5. Contingency Planning Prepare for potential changes in circumstances by including provisions for successor trustees, beneficiaries, or investment managers. Allow beneficiary(s) to remove and appoint a trust company, typically in a majority method. 

Setting up a dynastic trust in South Dakota requires the following checklist:

a) Choosing a trust company or picking a trust company. When trying to pick the best trust company think about they why versus the what. 

b) Get suggestions and choose a trust and estate attorney which will draft (aka create) the dynastic trust document

c) Ensure the financial advisor communicates and works with the trust and estate attorney so that the philosophy of the family and wealth find a harmony in the trust document. Money should not tear apart a family. 

d) Execute the plan. 

Conclusion to Understanding a Dynastic Trust under South Dakota trust law 

The decision to use a dynastic trust comes into a philosophical realm after considering the estate tax benefits.

In embracing the concept of a dynastic trust under the South Dakota trust law, you or a client will embark on a journey far beyond your lifetimes. It is a testament to your desire to create a lasting legacy, to nurture and protect the wealth you have diligently accumulated.

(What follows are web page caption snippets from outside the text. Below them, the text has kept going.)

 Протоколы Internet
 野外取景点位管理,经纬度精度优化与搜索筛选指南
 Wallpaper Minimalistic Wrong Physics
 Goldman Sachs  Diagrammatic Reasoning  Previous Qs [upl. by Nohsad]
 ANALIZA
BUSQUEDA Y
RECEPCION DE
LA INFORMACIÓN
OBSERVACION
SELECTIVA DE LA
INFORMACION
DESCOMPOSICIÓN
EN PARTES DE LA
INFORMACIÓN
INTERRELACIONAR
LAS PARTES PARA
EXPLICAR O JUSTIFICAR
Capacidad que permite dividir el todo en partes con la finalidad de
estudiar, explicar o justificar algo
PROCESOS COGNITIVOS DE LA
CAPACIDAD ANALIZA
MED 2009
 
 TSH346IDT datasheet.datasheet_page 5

Through perpetual duration and the advantages allowed under South Dakota's trust laws, it is interesting to note you will transcend the boundaries of time, ensuring the fruits of your labor endure for generations to come. Deciding on the distribution rules, the responsibility to safeguard your financial legacy to provide opportunities and security for your descendants -- the goal should be to avoid being perfectly wrong as the other option will be impossible to reach. 

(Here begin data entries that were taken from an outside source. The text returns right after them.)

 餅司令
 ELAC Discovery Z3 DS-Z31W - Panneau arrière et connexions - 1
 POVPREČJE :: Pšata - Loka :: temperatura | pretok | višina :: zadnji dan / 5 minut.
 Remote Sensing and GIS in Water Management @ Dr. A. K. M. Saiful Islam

A dynastic trust is an embodiment of your values, hopes, and dreams. It carries with it the power to shape futures, empower aspirations, and instill the principles that define you as a family.

Focus on the big picture as you navigate the complexities of setting up and managing a dynastic trust. However, focus on the #1 thing defined in the execution of the dynastic trust. 

Family values last longer than family money. While keeping the language simple and flexible, consider that in the rules established within your dynastic trust.